Conductivity studies on microwave synthesized glasses using complex impedance spectroscopy

Microwave Synthesis of fast ion conducting glasses offers advantage of efficient transformation of energy and heating throughout the volume efficiently in a short time. Lithium ion transport process in a modified glass network doped with lithium salt have been studied in a wide range of compositions with a general formula xLi₂SO₄ - (100-x) [0.80 LiPO₃ : 0.20 MoO₃] where x ranges from 0 to 25 mol%. Frequency and temperature dependent conductivity measurements have been carried out in the frequency range of 10 Hz to 10 MHz and a temperature range of 313K - 353K. Conductivity in these glasses is governed by the incorporation of lithium salt in the macromolecular structure, which results in the expansion of the network structure of glass. Impedance spectra of these glasses show a single semicircle and dc conductivities are extracted from it. Activation energies (E_dc) calculated using regression analysis of Arrhenius plots decreases while conductivity (σ_dc) increases with increasing LiSO₄ mol%. Increased conductivity is due to gross structural changes initiated by the network modification and incorporation of SO₄^2-ions.
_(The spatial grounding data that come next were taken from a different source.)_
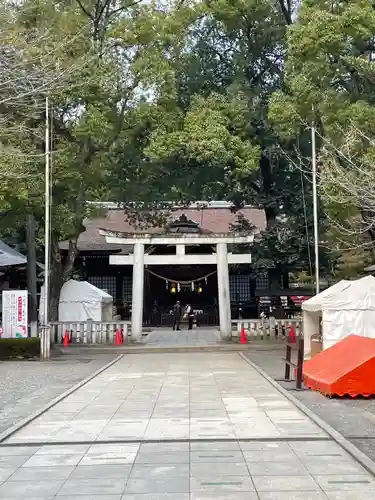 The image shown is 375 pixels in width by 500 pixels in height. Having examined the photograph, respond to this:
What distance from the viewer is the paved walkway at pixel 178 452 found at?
5492 mm

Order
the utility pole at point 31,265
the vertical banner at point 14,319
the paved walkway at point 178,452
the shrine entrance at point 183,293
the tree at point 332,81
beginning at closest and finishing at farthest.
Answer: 1. the paved walkway at point 178,452
2. the tree at point 332,81
3. the vertical banner at point 14,319
4. the utility pole at point 31,265
5. the shrine entrance at point 183,293

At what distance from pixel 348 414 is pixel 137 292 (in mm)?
14156

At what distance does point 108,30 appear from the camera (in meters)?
22.5

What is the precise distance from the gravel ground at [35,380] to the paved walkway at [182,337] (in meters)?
3.50

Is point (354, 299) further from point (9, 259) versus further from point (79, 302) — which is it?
point (9, 259)

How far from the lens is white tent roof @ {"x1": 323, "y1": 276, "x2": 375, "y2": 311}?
658 inches

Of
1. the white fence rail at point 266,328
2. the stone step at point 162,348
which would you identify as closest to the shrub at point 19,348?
the stone step at point 162,348

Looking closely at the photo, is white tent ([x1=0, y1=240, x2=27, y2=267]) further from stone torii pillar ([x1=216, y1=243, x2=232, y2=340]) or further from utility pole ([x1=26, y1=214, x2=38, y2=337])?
stone torii pillar ([x1=216, y1=243, x2=232, y2=340])

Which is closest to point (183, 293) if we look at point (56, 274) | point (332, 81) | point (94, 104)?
point (56, 274)

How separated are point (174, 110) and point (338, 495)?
19274 millimetres

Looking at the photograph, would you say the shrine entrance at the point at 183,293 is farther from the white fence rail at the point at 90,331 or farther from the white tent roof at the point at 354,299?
the white tent roof at the point at 354,299

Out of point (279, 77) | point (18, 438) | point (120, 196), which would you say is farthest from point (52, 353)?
point (279, 77)

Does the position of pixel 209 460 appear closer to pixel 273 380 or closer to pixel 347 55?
pixel 273 380

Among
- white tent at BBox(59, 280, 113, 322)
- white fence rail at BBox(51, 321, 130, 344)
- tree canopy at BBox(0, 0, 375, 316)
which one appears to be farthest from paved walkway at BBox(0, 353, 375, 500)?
white tent at BBox(59, 280, 113, 322) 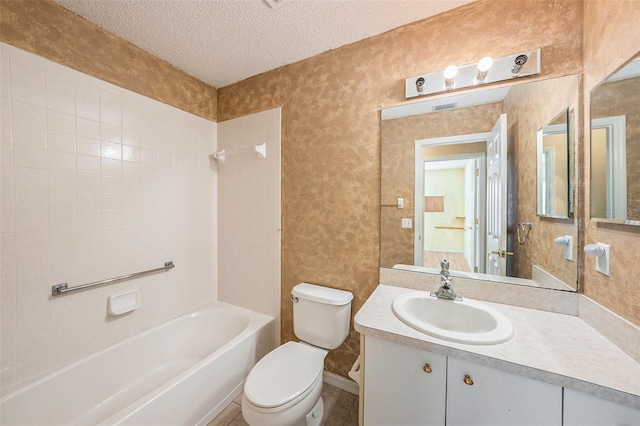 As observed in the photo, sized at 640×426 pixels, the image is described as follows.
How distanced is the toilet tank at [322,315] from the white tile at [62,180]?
1.50 m

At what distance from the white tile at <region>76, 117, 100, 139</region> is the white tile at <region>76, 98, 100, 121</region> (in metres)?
0.02

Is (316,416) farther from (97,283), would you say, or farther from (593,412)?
(97,283)

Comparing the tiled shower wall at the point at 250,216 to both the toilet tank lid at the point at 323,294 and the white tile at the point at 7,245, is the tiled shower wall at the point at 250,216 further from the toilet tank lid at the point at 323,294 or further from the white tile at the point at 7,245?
the white tile at the point at 7,245

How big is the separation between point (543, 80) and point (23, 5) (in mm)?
2652

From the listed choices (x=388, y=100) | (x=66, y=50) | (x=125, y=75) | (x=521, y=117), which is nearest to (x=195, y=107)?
(x=125, y=75)

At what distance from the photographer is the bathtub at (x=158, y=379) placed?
3.87ft

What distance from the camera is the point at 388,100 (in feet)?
4.92

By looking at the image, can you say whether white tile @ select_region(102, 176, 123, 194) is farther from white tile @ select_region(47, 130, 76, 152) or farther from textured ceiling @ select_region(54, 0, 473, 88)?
textured ceiling @ select_region(54, 0, 473, 88)

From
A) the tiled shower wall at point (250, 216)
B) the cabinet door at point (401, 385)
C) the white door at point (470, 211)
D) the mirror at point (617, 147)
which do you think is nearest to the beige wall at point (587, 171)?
the mirror at point (617, 147)

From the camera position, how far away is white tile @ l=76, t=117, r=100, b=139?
141 centimetres

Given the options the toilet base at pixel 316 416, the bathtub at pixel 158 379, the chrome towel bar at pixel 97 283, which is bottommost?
the toilet base at pixel 316 416

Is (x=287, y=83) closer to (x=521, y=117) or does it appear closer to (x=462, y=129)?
(x=462, y=129)

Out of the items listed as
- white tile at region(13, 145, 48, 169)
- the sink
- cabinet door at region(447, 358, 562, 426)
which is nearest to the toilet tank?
the sink

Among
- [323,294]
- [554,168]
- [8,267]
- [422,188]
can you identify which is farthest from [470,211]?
[8,267]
The complex impedance data have been analyzed using dielectric modulus formalism to study the relaxation dynamics of the charge carriers in the investigated glasses. The observed ac conductivity spectra follow Almond-West´s single power law σ(ω) = σ(0) + Aω^s and the relaxation mechanism in these glasses are analyzed using Kohlrausch-Williams-Watts (KWW) stretched exponential function. Dynamic conductivity spectra, σ(ω) convey information about the ion dynamics occur in a time window given by the inverse angular frequency.